Among the entries below, copy only the span from the line containing "Home Master TMHP-L" through the line containing "Sapaab sortea una estadía en Mar del Plata". Do so exactly, and skip the pictures.

[TASK INPUT]

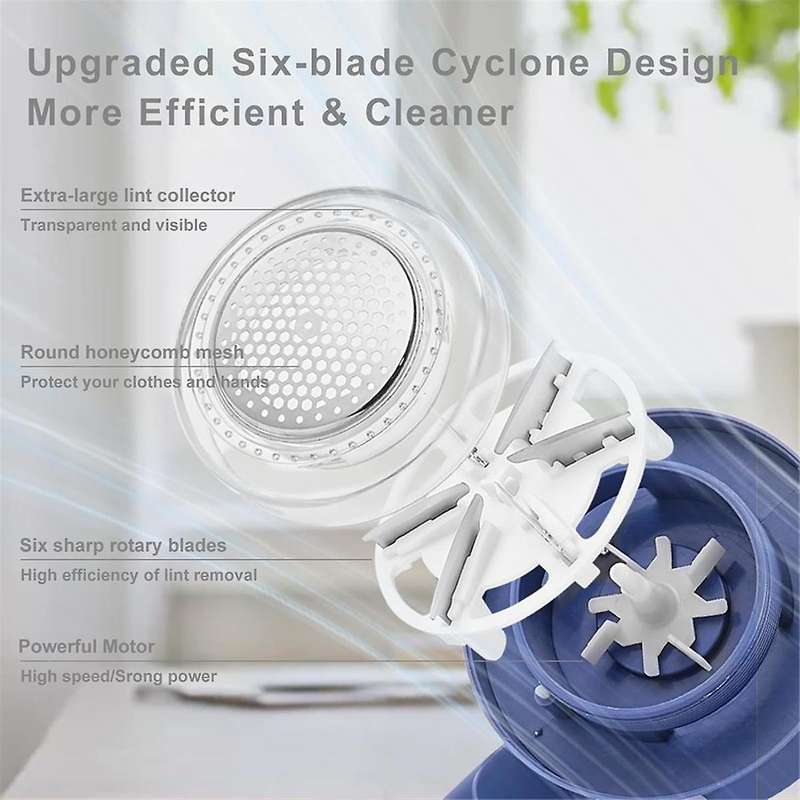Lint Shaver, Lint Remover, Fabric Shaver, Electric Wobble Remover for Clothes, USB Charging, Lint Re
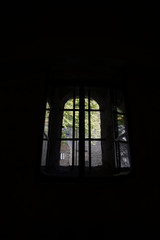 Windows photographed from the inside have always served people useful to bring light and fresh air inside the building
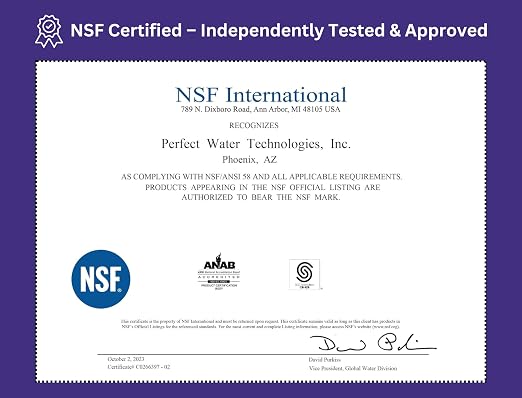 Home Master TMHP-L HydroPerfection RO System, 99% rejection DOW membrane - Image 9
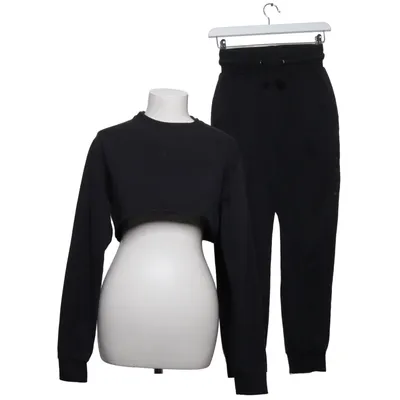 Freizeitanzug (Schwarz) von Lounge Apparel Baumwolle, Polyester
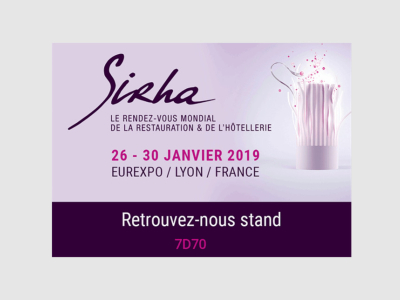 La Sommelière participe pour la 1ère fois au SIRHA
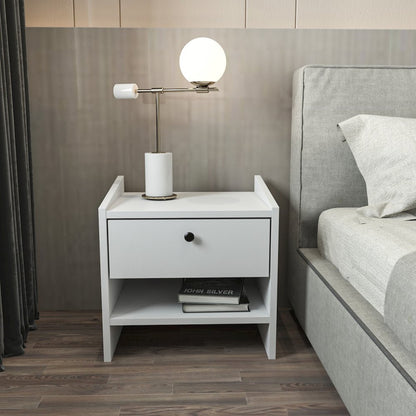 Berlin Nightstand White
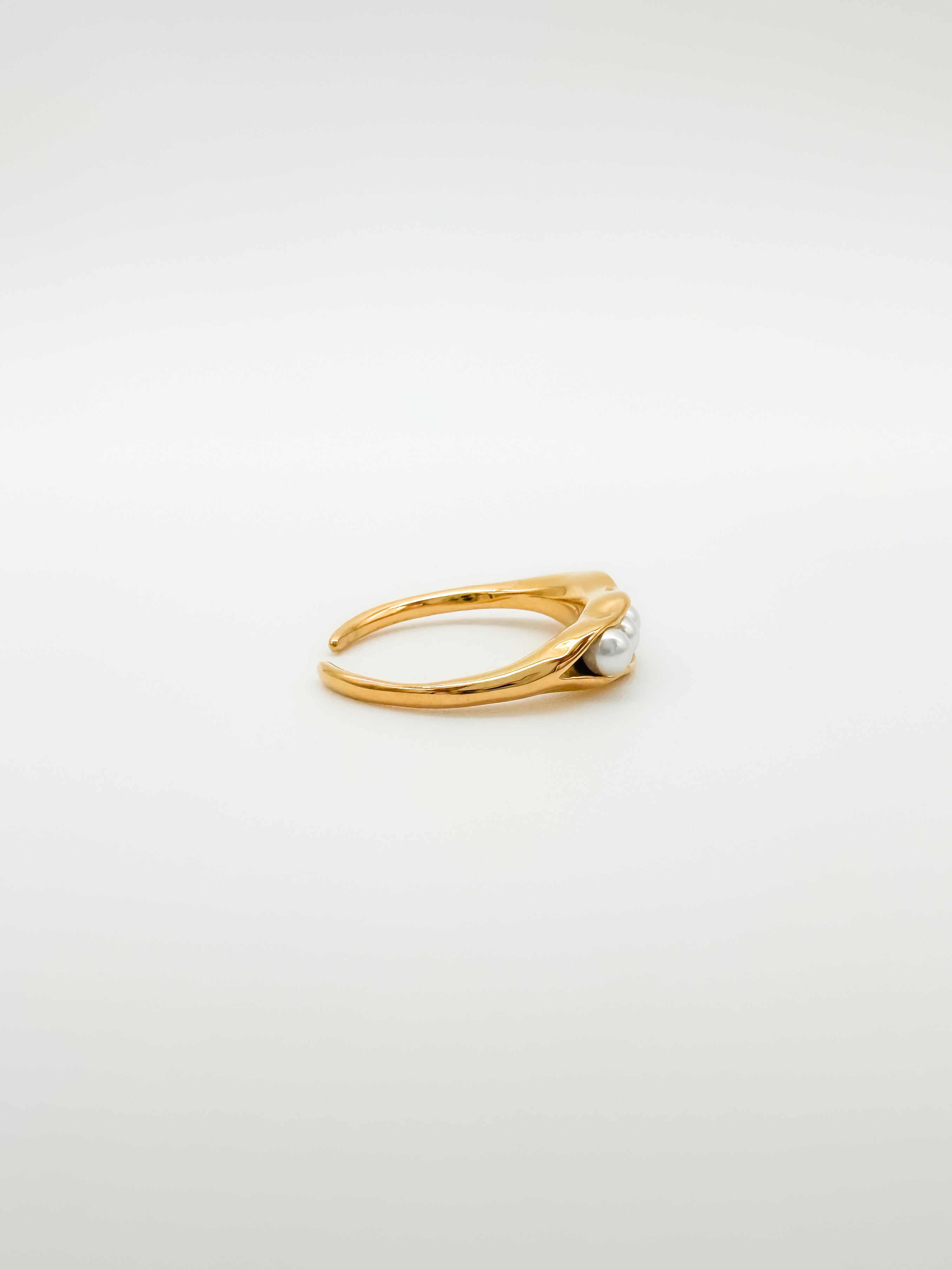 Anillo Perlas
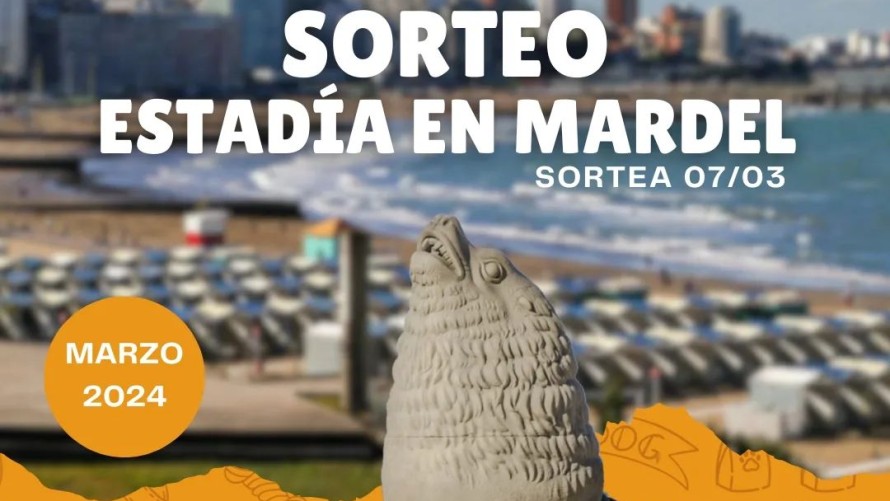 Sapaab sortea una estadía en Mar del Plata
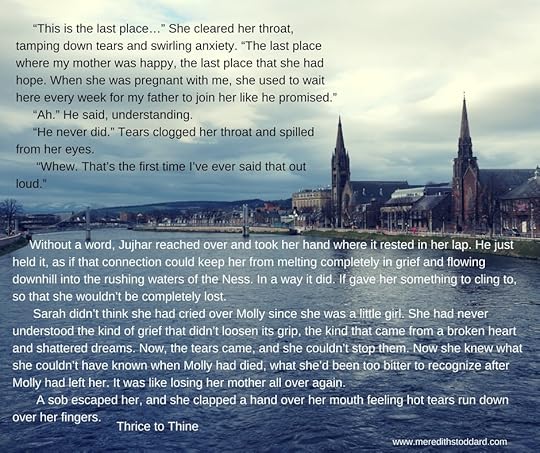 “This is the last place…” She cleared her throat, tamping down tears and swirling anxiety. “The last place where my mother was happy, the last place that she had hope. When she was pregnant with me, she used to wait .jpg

[/TASK INPUT]
[TASK INPUT]

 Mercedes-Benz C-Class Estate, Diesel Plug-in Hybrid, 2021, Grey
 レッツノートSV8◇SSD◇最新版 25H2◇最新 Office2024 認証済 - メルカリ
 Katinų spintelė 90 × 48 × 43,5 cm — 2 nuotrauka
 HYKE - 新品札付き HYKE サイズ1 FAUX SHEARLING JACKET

[/TASK INPUT]

(TASK ANSWER):
 Home Master TMHP-L HydroPerfection RO System, 99% rejection DOW membrane - Image 9
 Freizeitanzug (Schwarz) von Lounge Apparel Baumwolle, Polyester
 La Sommelière participe pour la 1ère fois au SIRHA
 Berlin Nightstand White
 Anillo Perlas
 Sapaab sortea una estadía en Mar del Plata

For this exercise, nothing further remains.